Influence of Aluminum on Health and Disease



Associate Professor Shunsuke Meshitsuka
Division of Integrative Bioscience
Institute of Regenerative Medicine and Biofunction
Graduate School of Medical Science
Tottori University, 86 Nishi-machi, Yonago 683-8503, Japan
E-mail: mesh@med.tottori-u.ac.jp


Abstract: Aluminum is not an essential element but is rather toxic and the need to protect themselves from aluminum toxicity is crucial for living organisms. Aluminum is the third abundant element and the most abundant metal in the earth’s crust, therefore exposure to aluminum is inevitable in daily life. It was shown that the rate of excretion of aluminum in the urine was assumed to have a limiting value. As a result, an excess intake of aluminum indicated that the aluminum content in the body remained high for several days after the absorption of aluminum from the intestine.
It is widely known that accumulation of aluminum in the body has been linked to disease conditions. The toxic effects of aluminum to neuronal cells were examined to show apoptotic cell death via endoplasmic reticulum stress, implicating an influence of aluminum on the gene expression. Also, it was shown that astrocyte-neuron interaction was important in the process of toxic effects in the central nervous system. Renin was the only positively identified up-regulated gene determined by DNA sequencing. The up-regulation of renin was confirmed by RT-PCR and Western blotting experiments in the dose dependent treatments and the time course observation in mice. The up-regulation of the renin expression by aluminum is a strong indication of the influence of aluminum on the renin-angiotensin-aldosterone-system, resulting in the induction of essential hypertension.
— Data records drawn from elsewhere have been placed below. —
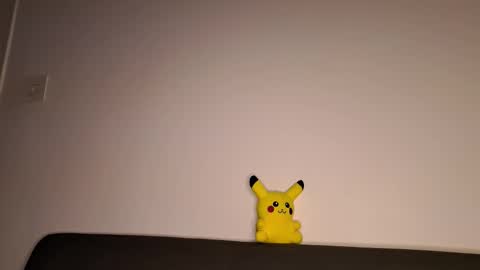 Snapshot of chrisslicer chatting on December 5, 1:36 am Christopher online show from December 5, 1:36 am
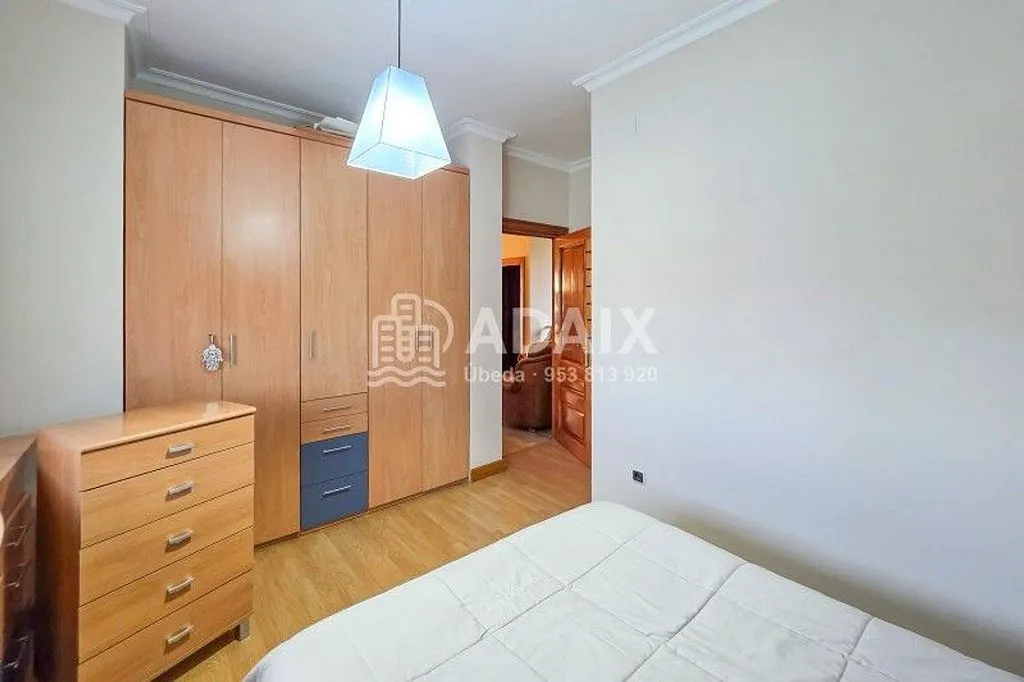 Bedrooms - Chalet with Pool in Baeza, Jaén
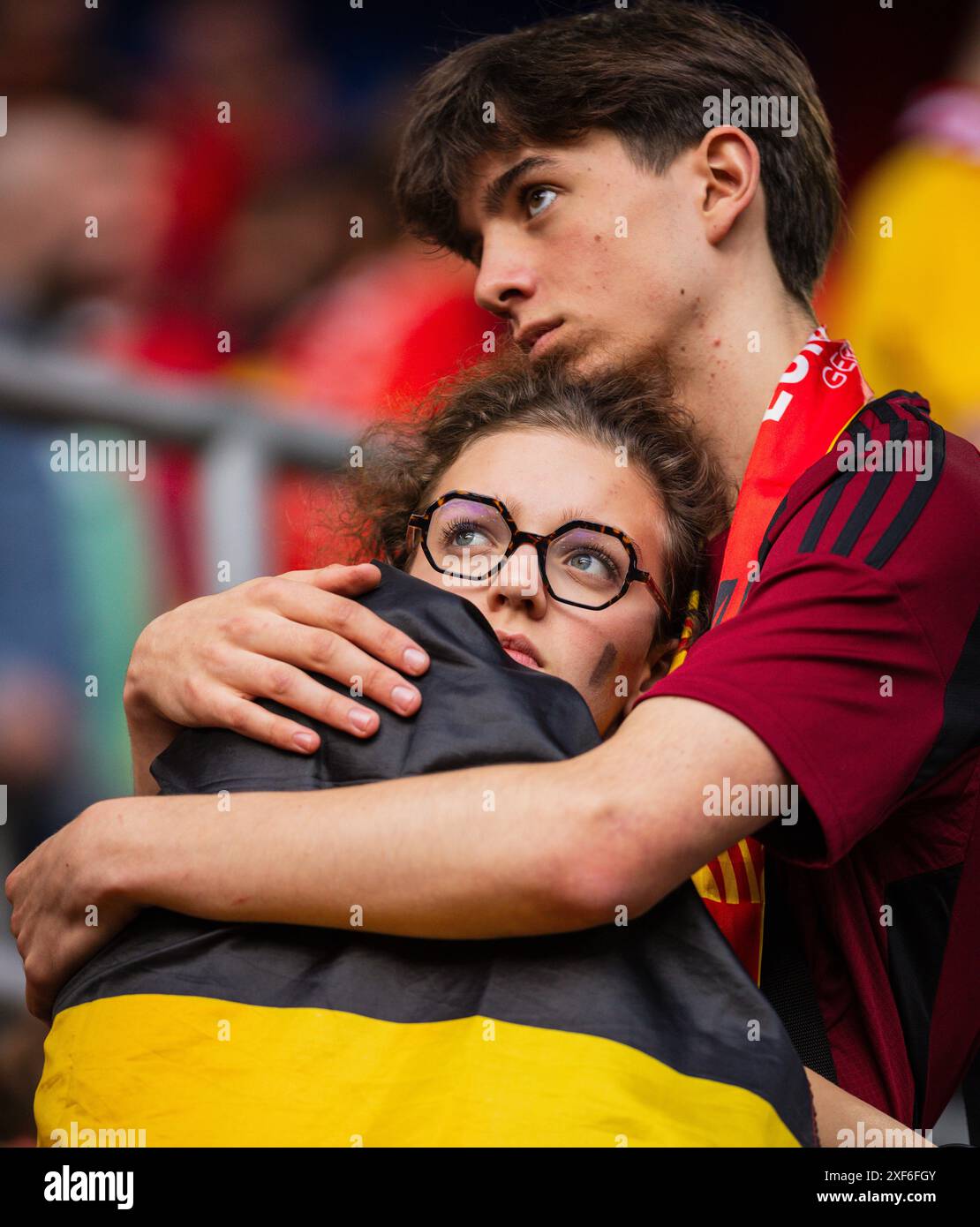 Düsseldorf, Deutschland. Juli 2024. Belgische Fans konnen sich selbst Frankreich - Belgien Frankreich - Belgien 01.07.2024 Credit: Moritz Muller/Alamy Live News Stockfoto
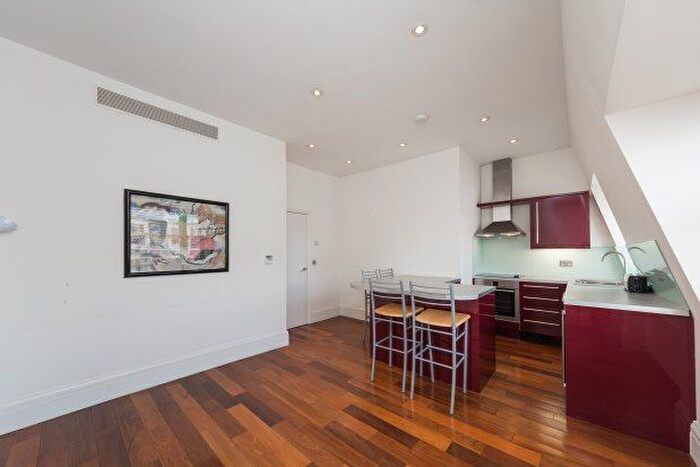 1 Bedroom Flat To Rent In Campden Hill Gardens, London, W8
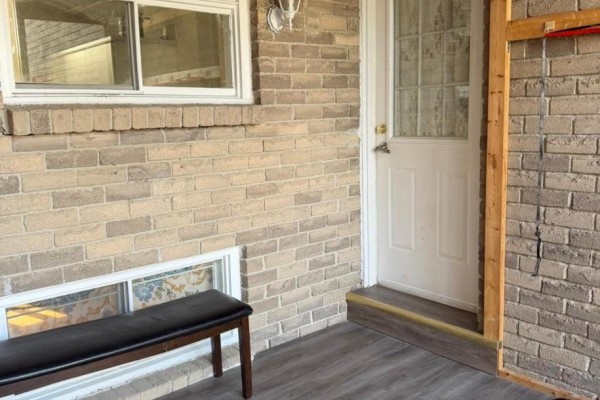 Living room - 58 Muirlands Drive, Toronto, ON M1V2B4 Photo 2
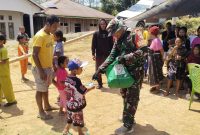 Berbagi Kasih Ditengah Pascagempa, Babinsa Kopda Ahmad Hadirkan Senyum untuk Anak-anak Terdampak (Foto: Doc. Flobamor.com)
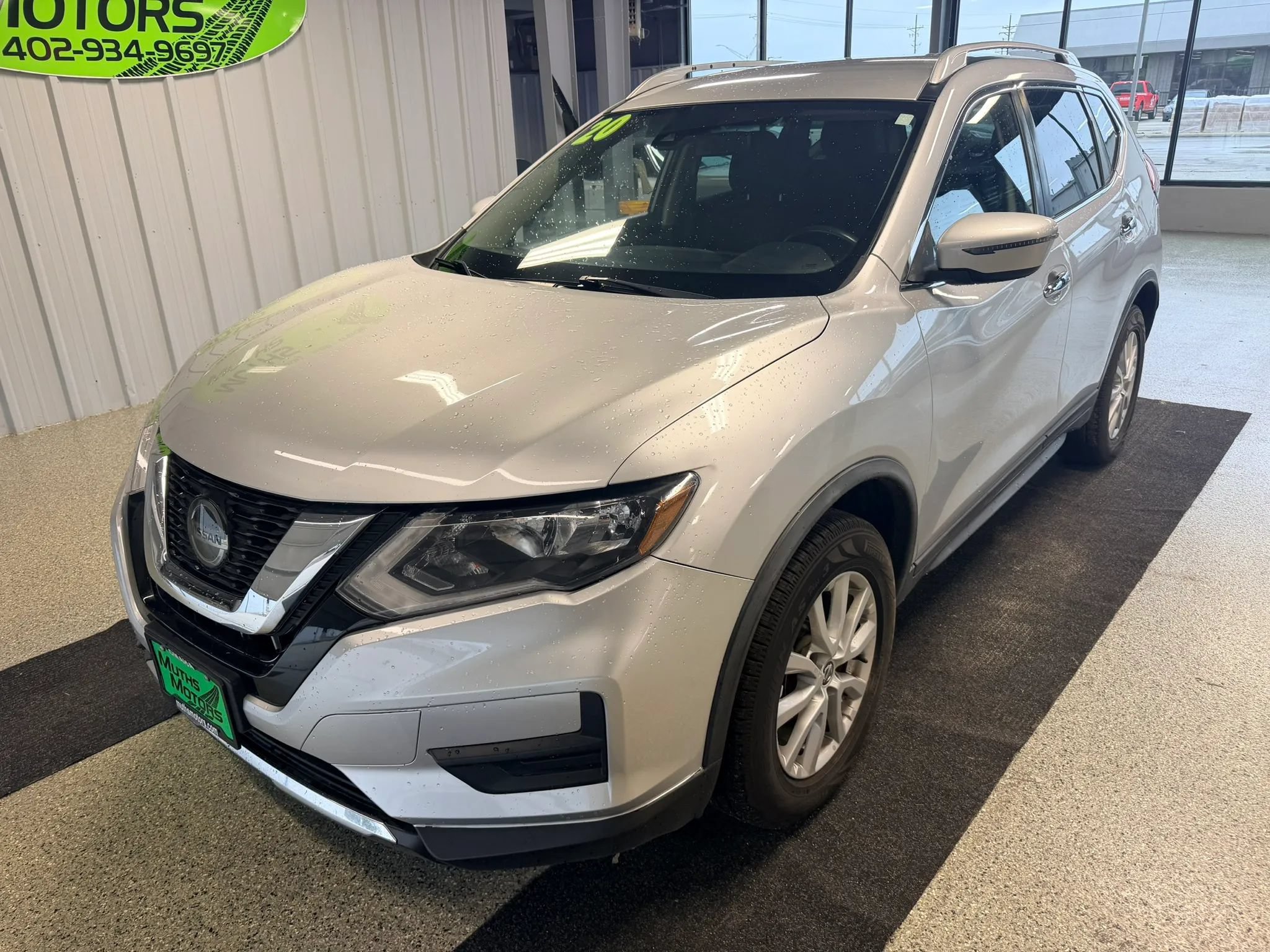Used 2020 Nissan Rogue SV AWD/4WD image 1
Brief Biography of the Speaker:
Shunsuke Meshitsuka graduated from Waseda University in 1970, and got his Ph.D. from the Faculty of Science of the University of Tokyo in 1977, and got D. Med. from Tottori University Faculty of Medicine in 1987. He got a position of a researcher in Sagami Chemical Research Center in 1972. He moved to Tottori University Medical School as an assistant professor in 1976. After working in the Fox Chase Cancer Center in Philadelphia as a postdoctoral fellow he became an associate professor in 1995. He was an invited researcher of Riken Genome Science Research Center, Yokohama from 2004 to 2006, and also was a visiting researcher of Osaka University Institute for Protein Research from 1981 to 2010. His main research area is inorganic biochemistry and the structure of related biological molecules.